Crawford County school districts will hold their first day of classes for the 2017-18 school year next week.
Alma, Cedarville, Mountainburg and Mulberry-Pleasant View Bi-County school districts will begin classes on Monday. Classes at Van Buren School District begin Wednesday.
Superintendents at Crawford County school districts are looking forward to the new school year with planned expansions in curriculum, new building projects and a focus on more hands-on learning techniques for students, they said.
Several major construction projects are scheduled to begin this year at Van Buren School District campuses, said Superintendent Harold Jeffcoat.
Construction on a new 500-student elementary school just off Northridge Drive will begin during the spring semester. The name of the new school has yet to be determined.
As early as October, a track replacement project will begin at Van Buren High School.

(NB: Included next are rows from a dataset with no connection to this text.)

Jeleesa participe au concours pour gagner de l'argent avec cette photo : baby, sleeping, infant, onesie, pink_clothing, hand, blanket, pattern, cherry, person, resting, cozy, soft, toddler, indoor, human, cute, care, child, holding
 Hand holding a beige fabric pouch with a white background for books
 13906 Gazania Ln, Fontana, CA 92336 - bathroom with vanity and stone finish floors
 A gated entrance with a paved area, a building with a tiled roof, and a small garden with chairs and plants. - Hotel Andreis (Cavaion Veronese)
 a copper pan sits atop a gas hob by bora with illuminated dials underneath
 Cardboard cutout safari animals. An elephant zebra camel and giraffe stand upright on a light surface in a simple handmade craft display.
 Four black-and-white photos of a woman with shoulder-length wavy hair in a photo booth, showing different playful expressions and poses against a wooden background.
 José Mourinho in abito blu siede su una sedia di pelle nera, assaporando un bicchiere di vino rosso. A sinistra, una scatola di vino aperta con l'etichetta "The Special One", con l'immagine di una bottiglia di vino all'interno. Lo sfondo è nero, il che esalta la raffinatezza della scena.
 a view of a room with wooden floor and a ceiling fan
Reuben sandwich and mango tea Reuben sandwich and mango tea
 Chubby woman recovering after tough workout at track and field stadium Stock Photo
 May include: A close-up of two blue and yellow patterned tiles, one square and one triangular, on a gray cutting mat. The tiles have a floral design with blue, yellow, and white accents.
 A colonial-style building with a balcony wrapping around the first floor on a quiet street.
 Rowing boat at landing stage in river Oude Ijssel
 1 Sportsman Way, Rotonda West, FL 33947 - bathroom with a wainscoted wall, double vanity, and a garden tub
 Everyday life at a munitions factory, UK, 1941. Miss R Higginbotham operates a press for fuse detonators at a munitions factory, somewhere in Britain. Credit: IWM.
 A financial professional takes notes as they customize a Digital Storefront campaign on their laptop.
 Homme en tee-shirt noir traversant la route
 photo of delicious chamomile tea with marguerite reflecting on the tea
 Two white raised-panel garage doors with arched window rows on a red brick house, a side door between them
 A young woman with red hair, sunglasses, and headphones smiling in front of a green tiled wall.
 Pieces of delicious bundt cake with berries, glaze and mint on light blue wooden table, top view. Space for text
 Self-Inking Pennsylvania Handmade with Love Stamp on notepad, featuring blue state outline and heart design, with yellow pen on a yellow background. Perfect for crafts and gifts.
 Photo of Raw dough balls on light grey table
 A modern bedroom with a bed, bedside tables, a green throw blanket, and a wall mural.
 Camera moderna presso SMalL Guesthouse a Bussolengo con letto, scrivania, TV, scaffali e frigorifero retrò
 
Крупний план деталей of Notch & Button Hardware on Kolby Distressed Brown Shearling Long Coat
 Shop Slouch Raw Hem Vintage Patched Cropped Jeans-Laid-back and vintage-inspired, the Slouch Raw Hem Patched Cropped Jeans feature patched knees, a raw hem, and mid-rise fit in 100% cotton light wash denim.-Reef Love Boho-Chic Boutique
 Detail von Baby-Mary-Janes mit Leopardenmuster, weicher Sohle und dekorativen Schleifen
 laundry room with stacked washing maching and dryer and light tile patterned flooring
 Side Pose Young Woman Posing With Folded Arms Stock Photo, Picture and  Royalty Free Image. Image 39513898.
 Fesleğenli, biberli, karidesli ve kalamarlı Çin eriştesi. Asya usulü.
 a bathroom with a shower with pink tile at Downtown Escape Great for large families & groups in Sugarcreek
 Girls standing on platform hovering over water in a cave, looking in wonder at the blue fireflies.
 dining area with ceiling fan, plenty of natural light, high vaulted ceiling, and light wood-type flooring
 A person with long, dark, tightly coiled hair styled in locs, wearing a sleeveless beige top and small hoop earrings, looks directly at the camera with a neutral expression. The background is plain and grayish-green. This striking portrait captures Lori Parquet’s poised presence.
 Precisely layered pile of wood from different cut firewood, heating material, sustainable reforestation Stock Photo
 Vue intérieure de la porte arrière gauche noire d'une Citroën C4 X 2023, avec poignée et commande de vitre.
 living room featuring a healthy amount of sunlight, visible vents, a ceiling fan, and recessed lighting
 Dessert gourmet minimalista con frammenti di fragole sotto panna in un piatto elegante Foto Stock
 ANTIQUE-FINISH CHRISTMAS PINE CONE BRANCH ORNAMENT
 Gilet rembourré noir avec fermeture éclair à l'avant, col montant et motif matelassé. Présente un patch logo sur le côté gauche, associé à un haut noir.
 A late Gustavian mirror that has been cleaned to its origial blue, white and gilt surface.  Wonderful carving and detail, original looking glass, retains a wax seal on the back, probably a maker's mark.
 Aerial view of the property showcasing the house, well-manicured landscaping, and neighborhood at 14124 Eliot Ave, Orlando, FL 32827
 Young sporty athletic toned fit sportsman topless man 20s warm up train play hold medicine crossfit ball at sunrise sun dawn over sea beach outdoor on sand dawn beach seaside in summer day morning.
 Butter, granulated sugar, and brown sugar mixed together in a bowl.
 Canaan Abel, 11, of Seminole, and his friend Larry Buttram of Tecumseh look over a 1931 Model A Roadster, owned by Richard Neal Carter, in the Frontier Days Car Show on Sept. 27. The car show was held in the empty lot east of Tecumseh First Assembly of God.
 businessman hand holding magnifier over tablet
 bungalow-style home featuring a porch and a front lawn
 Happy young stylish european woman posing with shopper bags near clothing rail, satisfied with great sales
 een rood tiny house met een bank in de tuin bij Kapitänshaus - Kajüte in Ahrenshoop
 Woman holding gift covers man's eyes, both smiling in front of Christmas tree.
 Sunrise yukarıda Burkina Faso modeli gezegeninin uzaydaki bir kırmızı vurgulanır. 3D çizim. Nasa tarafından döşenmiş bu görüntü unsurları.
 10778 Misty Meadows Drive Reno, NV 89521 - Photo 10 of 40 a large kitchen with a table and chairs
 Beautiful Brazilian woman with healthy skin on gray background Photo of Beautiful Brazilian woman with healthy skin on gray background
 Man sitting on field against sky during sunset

The renovation will include new drainage for the field, new concession stand with restrooms and a new main entrance.
Walking trails to Central and King Elementary schools will be built this school year, with trails at other campuses being proposed for the future.
The high school cafeteria serving area will be redesigned to allow for greater meal options for students and improved operational efficiency for staff.
Mulberry-Pleasant View and Mountainburg school districts also have improvement projects going on during the upcoming school year.
Air-conditioning systems are being installed at both the Mulberry High School and Pleasant View School gymnasiums, said Mulberry-Pleasant View Bi-County School District Superintendent Lonnie Myers. A kitchen expansion and some classroom renovations are planned for Marvin Primary.
Plans also have begun to build a new 500-750 seat auditorium at the Mulberry High School. School officials are working with MAGH Architecture on the design.
Mountainburg School District broke ground on its first and only saferoom at the northern end of the district’s football field on Wednesday. The building also will act as a field house and physical education room, said Superintendent Dennis Copeland.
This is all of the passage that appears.